More women are drinking and driving
Traditionally, men have been seen as the riskier gender when it comes to car insurance. However, a disturbing new trend shows that DUI rates among men are rising while among women they are rising rapidly. Men are still more likely to get a DUI but new research shows that more and more women are drinking and driving.
More women are drinking and driving: A growing trend
Researchers recently convened in Washington to present evidence that drinking and driving is a growing problem among women. DUI arrests among women have increased almost 30% from 1998 to 2007, according to the Traffic Injury Research Foundation.
More women are drinking and driving: What is the cause?
Many experts have hypothesized the reason that more women are drinking and driving. Binge drinking (consuming more than four drinks in a sitting for women and five for men) rates are also rising for women. Some think that today’s women have to deal with more stress than their predecessors. More equality in the workplace combined with the same amount of home life duties may be causing more women to turn to alcohol. Because of the recession, women’s incomes have become more important because so many men have lost their jobs. Meanwhile, women are still responsible for most of the child-rearing responsibilities.
In addition, there are more female drivers on the roads today. In fact, female drivers outnumber male drivers. So part of the cause may just be that more women are drinking and driving because more women are driving.
Another theory points to the increase in the female-directed marketing campaigns for marketing.
In addition, women may not realize that alcohol tends have a greater effect than it does on men. The same number of drinks may put a woman over the legal limit while the man is still able to drive.
More women are drinking and driving: Who’s at risk?
Studies show that women who drink and drive tend to share similar characteristics. They tend to be unmarried and have less steady employment compared to men who drink and drive. Women who drink and drive were also more likely to have a primary problem with drugs like cocaine and/or a psychological problem like depression and bipolar disorder. Also, young women wanting to fit in, young mothers after the birth of a baby, and empty nesters drink and drive more often.
Women are also more likely to have children in the car, so more women drinking and driving also means more children at risk of fatal car accidents.

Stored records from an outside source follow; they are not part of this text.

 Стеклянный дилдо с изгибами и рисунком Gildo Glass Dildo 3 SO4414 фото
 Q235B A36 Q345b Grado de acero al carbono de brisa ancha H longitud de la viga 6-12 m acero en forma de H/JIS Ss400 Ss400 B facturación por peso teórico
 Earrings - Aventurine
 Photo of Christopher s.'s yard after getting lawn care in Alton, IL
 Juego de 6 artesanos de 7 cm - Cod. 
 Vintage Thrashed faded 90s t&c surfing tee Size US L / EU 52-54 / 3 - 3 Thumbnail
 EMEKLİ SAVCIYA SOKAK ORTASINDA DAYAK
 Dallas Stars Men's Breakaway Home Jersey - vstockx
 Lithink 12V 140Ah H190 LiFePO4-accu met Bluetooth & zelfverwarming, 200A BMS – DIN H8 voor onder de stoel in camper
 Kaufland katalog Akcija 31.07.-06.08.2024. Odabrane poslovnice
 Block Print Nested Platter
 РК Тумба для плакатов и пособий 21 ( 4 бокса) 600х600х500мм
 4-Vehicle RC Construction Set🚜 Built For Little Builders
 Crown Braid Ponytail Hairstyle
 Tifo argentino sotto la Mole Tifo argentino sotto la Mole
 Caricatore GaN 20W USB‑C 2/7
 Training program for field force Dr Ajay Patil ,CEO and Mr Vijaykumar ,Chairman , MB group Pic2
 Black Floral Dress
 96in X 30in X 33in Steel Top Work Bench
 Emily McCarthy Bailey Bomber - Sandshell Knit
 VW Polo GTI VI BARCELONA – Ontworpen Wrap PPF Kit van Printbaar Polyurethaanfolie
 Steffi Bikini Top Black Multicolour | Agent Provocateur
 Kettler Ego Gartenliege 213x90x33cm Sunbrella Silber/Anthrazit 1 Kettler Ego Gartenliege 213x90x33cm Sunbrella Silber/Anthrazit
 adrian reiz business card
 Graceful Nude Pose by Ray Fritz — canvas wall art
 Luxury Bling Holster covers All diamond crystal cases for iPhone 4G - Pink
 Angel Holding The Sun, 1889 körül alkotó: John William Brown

More women are drinking and driving: Getting help
Unfortunately women with drinking problems are much less likely to seek help than their male counterparts. Unlike men, women tend to drink alone and at home, which enables them to hide a problem from friends and family. When women do seek treatment, it is usually after something catastrophic has already happened. Women also tend to have most of the responsibility in raising children, so they are less likely to be able to go to inpatient treatment centers.